CMCDragonkai commented 1 year ago

Reason for why I couldn't import testsUtils: https://github.com/MatrixAI/js-quic/pull/53#issuecomment-1721340830

Basically use fast-check in tests/utils.ts. Not @fast-check/jest. But use @fast-check/jest in the actual tests.

CMCDragonkai commented 1 year ago

Please finish with TLS tests (create tasks above too):

Important to ensure that the TLS system is the same as js-quic. Make sure you can supply client certificates and server certificates optionally. Note that unlike js-quic, server certs is not mandatory.
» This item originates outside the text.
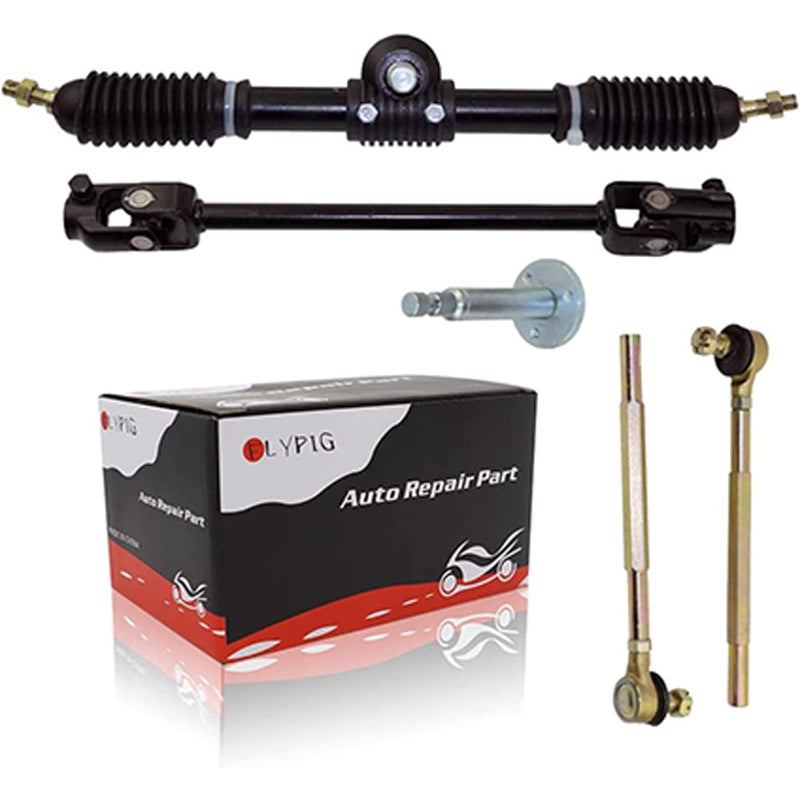 FLYPIG 445mm Steering Shaft Tie Rods Rack Kit 110cc Go Kart Adjustable Shaft Gear Rack Pinion Tie Rod Rack Parts Assembly For 110cc Quad Parts - Image 1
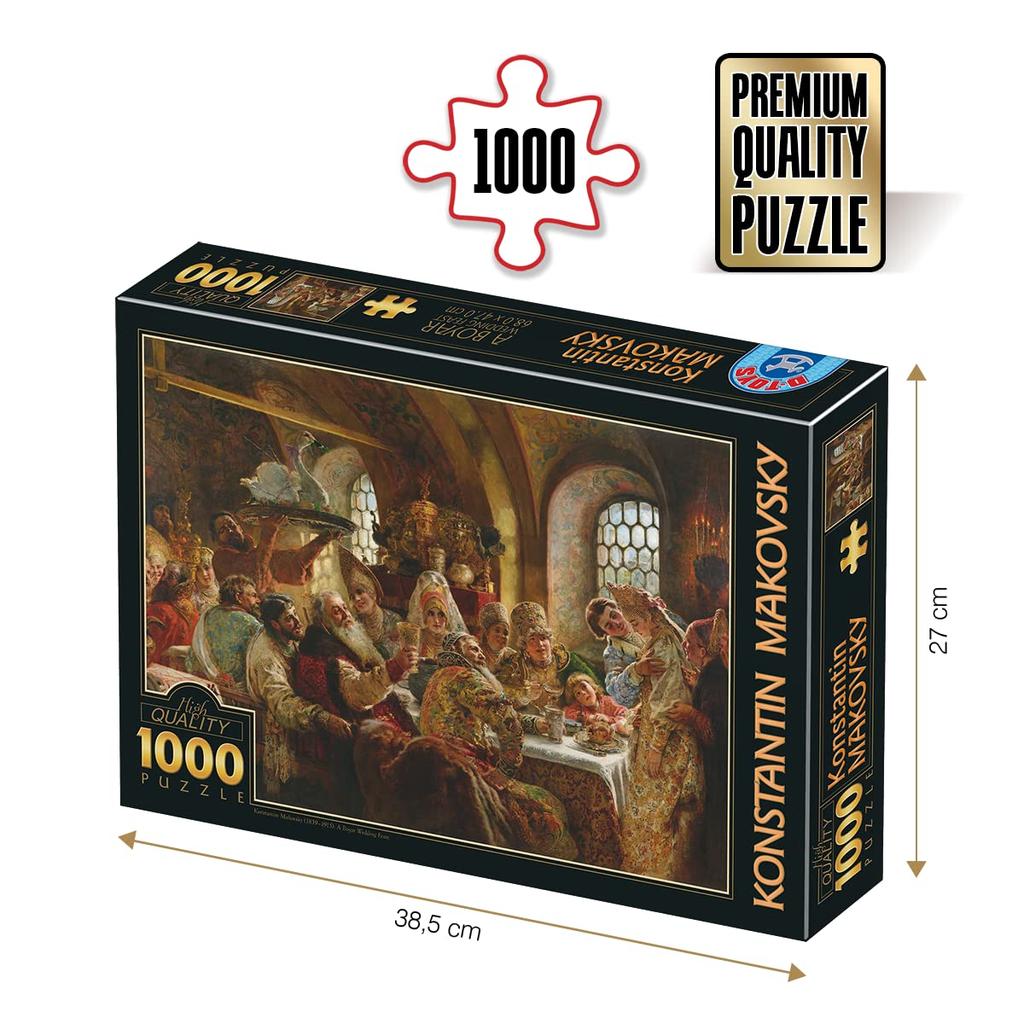 D-Toys 1000-piece jigsaw puzzle, 75680-MA01, Konstantin Makovsky: A Boyar Wedding Feast, 47 x 68 cm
Make sure the verifyPeer option works the same way as js-quic though!!

Some challenges:

If we cannot get auto-downgrade working, then defaulting to HTTP on client without certs is a bad idea. Therefore... one could instead always use HTTPS. But I believe if this is the case, then it is mandatory for certs on server side. Which would match js-quic behaviour.

Also https://github.com/MatrixAI/js-quic/pull/53#issuecomment-1722666768 - remember that verifyCallback should be PromiseLike<void>.

CMCDragonkai commented 1 year ago

You don't have unidirectional streams so your stream id can just increment by the bidi rules? I think only client and server distinguished.

amydevs commented 1 year ago

You don't have unidirectional streams so your stream id can just increment by the bidi rules? I think only client and server distinguished.

yeah, i've changed it so that ids only increment at a rate of 2 rather than 4 since uni directional doesn't exist

CMCDragonkai commented 1 year ago

You only need 1 bit then? Not 2 bits like in QUIC?

CMCDragonkai commented 1 year ago

3.2.0 of js-events will default to undefined not null for the detail property if not specified. It's being built and released by the CI/CD atm.

amydevs commented 1 year ago

You only need 1 bit then? Not 2 bits like in QUIC?

1 bit for?

CMCDragonkai commented 1 year ago

So wss is prepended automatically inside WebSocketClient, so that way we are always defaulting to HTTPS. Going to drop HTTP support anyway.

CMCDragonkai commented 1 year ago

Standardise TLS between WS and QUIC: https://github.com/MatrixAI/Polykey/issues/551#issuecomment-1730732555

CMCDragonkai commented 1 year ago

@amydevs can you write final set of tasks above? And squash and merge!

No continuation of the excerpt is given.